From the Albany Times Union:
First published: Wednesday, November 18, 2009
Tuesday was the day, as Colleen Murphy so aptly put it, to honor the memory of her daughter, U.S. Army Staff Sgt. Amy Seyboth Tirador of Colonie.
Even a cursory review of this young woman's life reveals achievement, commitment and purpose that are impressive by any standards. To think she did it all by just 29 -- accomplished Army interrogator; recipient of a Bronze Star, for saving another soldier's life; trained Arabic linguist -- is to marvel and, of course, to wonder about all the feats and challenges that might have awaited her.
Sadly, what Ms. Murphy called the day things begin, not end, brought mourning, accolades and then burial with military honors at the Gerald B.H. Solomon Saratoga National Cemetery. Staff Sgt. Tirador has the distinction of being the first woman from the Capital Region to die in the Iraq war. She was on her third wartime deployment.
What might begin today, then, is the dispatch of answers to all the questions that surround the death of Staff Sgt. Tirador. She leaves this earth with honor and demonstrated valor, certainly, yet the occasion lacks the finality that wartime deaths generally bring. The sense of loss is magnified by the confusion that persists, at least for now, over the nature of what the Army calls a noncombat death.

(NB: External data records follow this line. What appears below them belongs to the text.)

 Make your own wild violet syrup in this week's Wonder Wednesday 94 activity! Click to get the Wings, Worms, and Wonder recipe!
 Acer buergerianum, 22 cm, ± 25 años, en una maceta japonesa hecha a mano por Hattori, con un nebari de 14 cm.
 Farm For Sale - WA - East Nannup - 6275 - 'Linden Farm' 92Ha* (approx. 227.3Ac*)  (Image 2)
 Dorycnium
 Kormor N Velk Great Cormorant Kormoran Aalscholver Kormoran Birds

Ms. Murphy calls it an execution. Staff Sgt. Tirador apparently died of a gunshot wound to the back of the head. War, an ugly business under the most innocent of circumstances, hits home in an especially haunting way.
The loyal service of a dedicated soldier is a two-way commitment, of course. To truly respect the memory of Staff Sgt. Tirador and to even begin to ease the pain of her family -- notably her husband, Mickey Tirador, serving his third tour in the Iraq war -- her friends and contemporaries require an accounting of how she died, and how this particular loss of live might have been avoided.
"I thank you for allowing us to honor you." Ms. Murphy said as she eulogized her daughter at the Reach Out Fellowship church in Colonie. That noble task might well be an unending one. But it also might be easier and more complete with all the unpleasant mysteries resolved.
Staff Sgt. Tirador joins at least seven other soldiers with ties to the Capital Region to die in Iraq. The first was U.S. Army Sgt. Thomas Robbins, originally from Delmar, in 2004. He, too, was buried at Saratoga National Cemetery, on what would have been his 28th birthday. Five years later, the war plays out in an eerily similar way.
To say farewell to Staff Sgt. Tirador is to recall those who were killed in Iraq before her, regardless of the circumstances. It's also to think of who might be next and who, finally, will be the last.